Σάββατο, 3 Μαΐου 2014
Stonehenge discovery rewrites history books
As the closest town to one of Britain’s most famous landmarks, it has long been left in the shadow of Stonehenge. But now it can now lay claim to its own place in the history books.
Amesbury, in Wiltshire, has been declared the oldest town in continuous settlement in Britain, following a landmark discovery by archaeologists.
Researchers also uncovered a series of clues about the lifestyles of the early residents. Findings suggest they ate frogs’ legs long before the practice became common in France.
The title of the longest continuous settlement was previously held by Thatcham, 40 miles to the east of the village.
The research found that Amesbury has been continually occupied for more than a thousand years longer than its Berkshire rival.
The research by the University of Buckingham found that Amesbury had been continually lived in since 8820 BC - 1120 years earlier than Thatcham, which has been consistently occupied since 7700 BC.
The researchers said the discovery helps to explain for the first time why Stonehenge was built where it was - around two miles from the modern day town.
It tracks the activities of the people who were responsible for building the first monuments at Stonehenge, which were made of giant pine posts. It shows that the same communities continued to occupy the area for a further 3,000 years, close to the dawn of the Neolithic era when the stone monuments was first built.
David Jacques, research fellow in archaeology at the university, who led the dig, said the discovery “blows the lid off” the traditional understanding of Stonehenge, helping to explain why it was built on the site where it stands today.
“It provides evidence for people staying put, clearing land, building and presumably worshipping monuments.
“The area was clearly a hub point for people to come to from many miles away, and in many ways was a forerunner for what later went on at Stonehenge itself. The first monuments at Stonehenge were built by these people.

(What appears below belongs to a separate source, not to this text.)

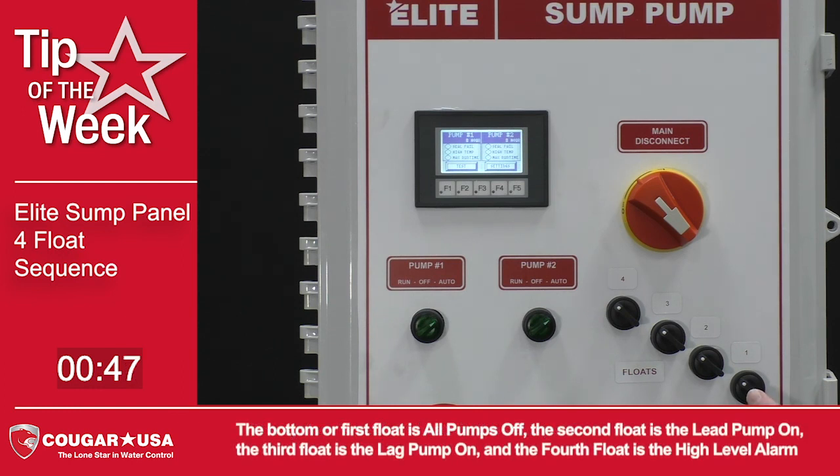The bottom or first float is all pumps off, the second float is the lead pump on, the third float is the lag pump on, and the fourth float is the high level alarm.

“For years people have been asking 'why is Stonehenge where it is?’ Now, at last, we have found the answers.”
The origins of Amesbury emerged as a result of carbon dating bones of aurochs - animal twice the size of bulls, wild boar and red deer - following an archaeological dig at Vespasian’s Camp, Blick Mead, a mile-and-a-half from Stonehenge.
The findings show that the parish of Amesbury has been continually occupied for every millennia since 8,820 BC.
Archaeologists say the results provide the missing link between the erection of the pine posts between 8,820 and 6,590BC, and of Stonehenge in 3,000BC.
The findings provide evidence which suggests that Stonehenge, rather than being seen as a neolithic new build in an empty landscape, should be viewed as a response to long-term use of the area by indigenous hunters and home-makers.
They come after a separate excavation in 2002 which discovered the grave of a Bronze Age man dubbed The Amesbury Archer because of the many arrowheads buried with him.
Further findings appear to shed light on the persistent use of domestic farming techniques at Blick Mead, now believed to be used by settled communities rather than nomadic peoples.
The dig, which took place in October, also unearthed the largest haul of worked flints from the Mesolithic period.
Bill Dunn, spokesman for the Amesbury History Centre, said: “We have always known Amesbury as somewhere special and this confirms it.”